White Bass: Harbingers of Spring

dave dave
DAVE SELLERS WITH AN AVERAGE-SIZED WHITE BASS CAUGHT LAST SPRING AT LAKE NACIMIENTO IN MONTEREY COUNTY.

As Dave Sellers throttled his boat down and we approached our chosen shoreline, we began false casting in anticipation of that first grab of the morning. It was just past 7:00 A.M., March 16, 2009, and it was our first fishing outing together for the year. My son Vern had done very well at this location just a few days prior, so our hopes were high. White bass were our targeted fish, and either whites or crappies are usually my first fish to pursue each spring. Sure, I’m still trying for steelhead at this time of year, but I consider them a fish of winter past.

We had been casting our flies tight to the shoreline and stripping them back to the boat for about 10 minutes when I missed a strike, then, almost immediately after my missed hit, Dave hooked and landed a white. We methodically worked this stretch of shoreline for about 30 minutes and between us picked up another five or six fish — action, yes, but not the type of bite we hoped for, so we moved on.

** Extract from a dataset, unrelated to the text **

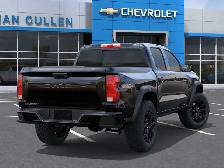 2026 Chevrolet Colorado 4WD Trail Boss Crew Cab Short Box 4-Whee - Photo 4
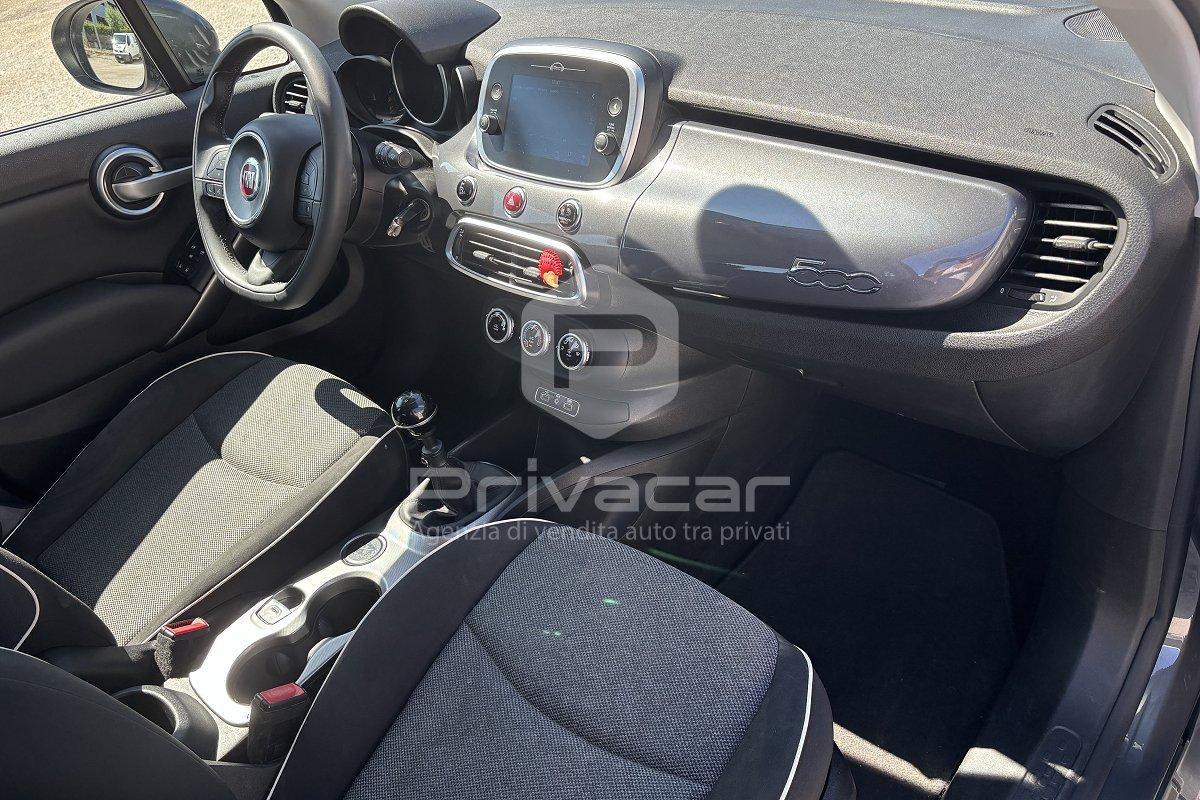 FIAT 500X 1.3 MultiJet 95 CV Lounge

For the next three hours, we found the occasional willing biters, but not the kind of continued bite for which we hungered. We even motored up to the Nacimiento River, just to see if large numbers of fish were spawning. We saw only a few white bass in the crystal-clear waters of the river, so it was back to exploring the Narrows and the stretch just outside the five-mile-per-hour buoy.

By late morning, we had found the concentrations of whites we were seeking. Once we had figured out the type of shoreline where the bass seemed to be holding this day, which was shady areas with lots of rubble, we were into them almost constantly throughout the day and into the evening. One or the other of us seemed to be hooked up all the time, with numerous doubles. We were laughing and cracking up at each other’s antics, and we marveled when groups of whites would follow our hooked fish back toward the boat. Simply, it was the kind of banner day that any of us might wish for.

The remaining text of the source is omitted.